# Zeiss 100mm Makro + extenstion tubes or teleconverters



## chrysoberyl (Jun 10, 2016)

Please share your experiences. I like the lens a lot (and just ordered it), but there are situations where a little more magnification would be useful. Specifically, I have a Canon 1.4X Extender, but neglected to try it when I rented the lens. Does the extender fit without an extension tube?

Zeidora, I'll bet you've tried this...

Thanks,
John


----------



## Zeidora (Jun 11, 2016)

Extension tubes work fine. I have a set of the Kenko version, quite a bit cheaper than the Canon original. Use those on a very regular basis. I hope Zeiss will bring back a true 1:1 macro. I talked with the Zeiss rep at the PhotoCon Los Angeles this May, and she said that this is one of the most frequent requests they get. I hope they listen.

1.4x III does NOT work on the MP100 Classic (have not tried it on the Milvus), because of some mechanical interference. Don't know exactly what is doing it, but it's not working by a hair. I suspect that the Milvus has the same backend as the classic, so I'd expect the same result.

1.4x does work on MPE65 and gets you to 7:1 on FF. If memory serves me well, the 1.4x II did not work either. I have not tried other TCs on the MP100.

As a long macro, I eventually got the Canon 180M, despite all its flaws. For long distance close-ups (rattlesnake portraits in the wild), I use the 300/2.8 IS with extension tubes. 

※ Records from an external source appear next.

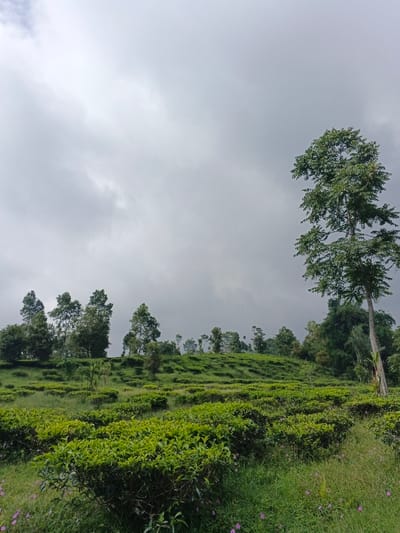 The image presents an extensive outdoor scene in Nanlao, China, primarily consisting of a tea plantation under an overcast sky. The foreground shows dense, verdant green tea bushes arranged in cultivated rows, with patches of taller green grass containing small purple wildflowers on the extreme left and right. The terrain gently slopes upward from the viewer, covered by additional terraced or contoured rows of tea plants extending into the midground. A solitary, tall, slender tree with a full, green leafy canopy stands prominently on the right side of the frame, its trunk light-colored and extending into the upper portion of the sky. In the middle and distant background, numerous other trees of varying heights are scattered across the landscape, some appearing within the plantation, others forming a more dense line along the horizon. The sky above is uniformly light grey, indicating significant cloud cover. No human subjects, structures, or observable actions are present within the frame.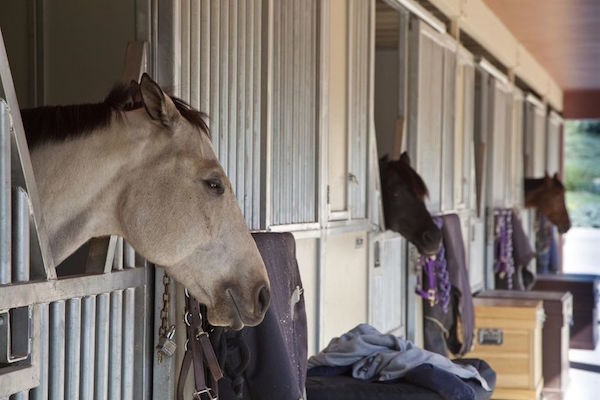 Fairmont-Grand-Del-Mar-photos-Facilities-Equestrian-Stables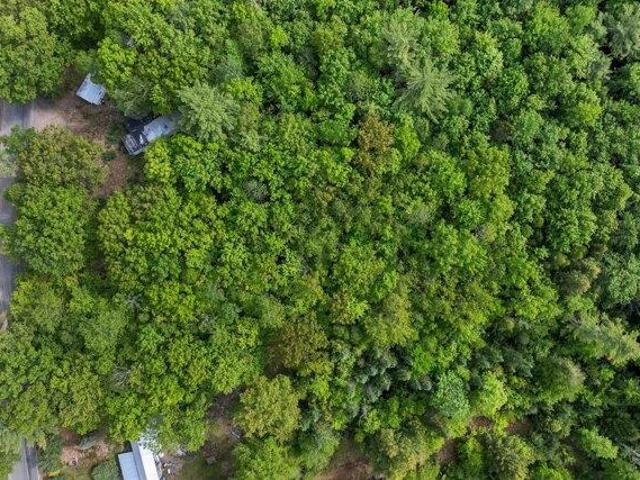 Land for sale in New Hampshire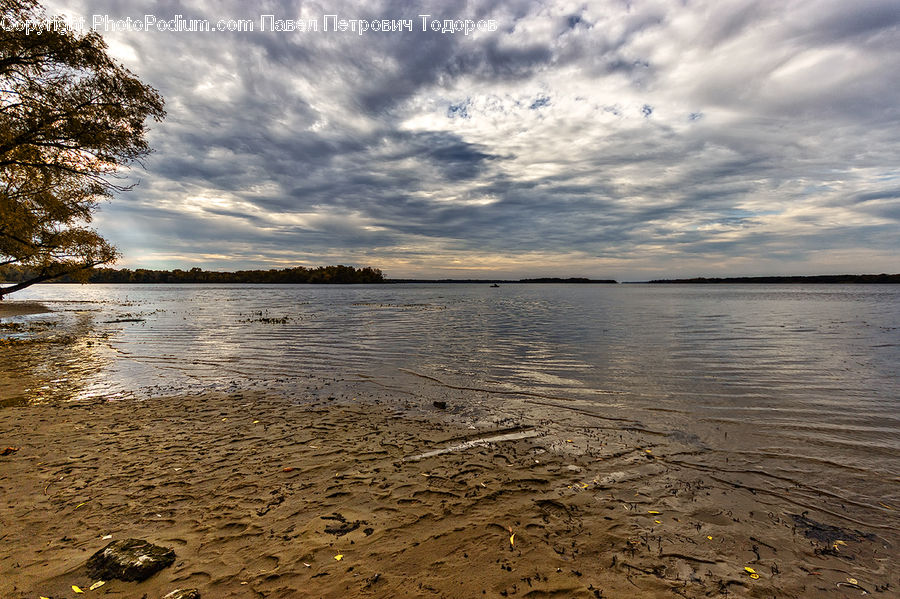 Beach, Coast, Outdoors, Sea, Water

Have fun with your new lens!


----------



## JoFT (Jun 11, 2016)

I had to make a close up process shot of an helical drilling process: the hole diameter was 400µ (0,4mm) and the focal diameter of the laser beam was around 10µ.... 

The setup I used was:


Canon 100mm f2.8 L IS USM .
Soligor Extension tubes
Canon Extender 2x III
[font=verdana, arial, helvetica, sans-serif]I was really astonished how well this works....[/font]


----------



## Zeidora (Jun 11, 2016)

I like the extension tube - TC option. Tried it with 12 mm tube and 1.4x TC on the MP100. Works like a charm. Far focusing distance is around 2-3 feet.


----------



## Al Chemist (Jun 12, 2016)

I just tried out the Zeiss 100 with the 14 mm extension tube and the 1.4 extenderIII in that order and was pleased with the result. The attached image, taken handheld, is highly cropped and reduced in format.

Beware, I bought the Zeiss 21mm, then the 50 MP (like that for scenery and wow does it stitch well for panaramas, then the 100 MP (sold my Canon 100L, and finally couldn't resist the 135 APO Sonnar. Yikes! My dear wife hopes the madness is over. I really love these lenses.


----------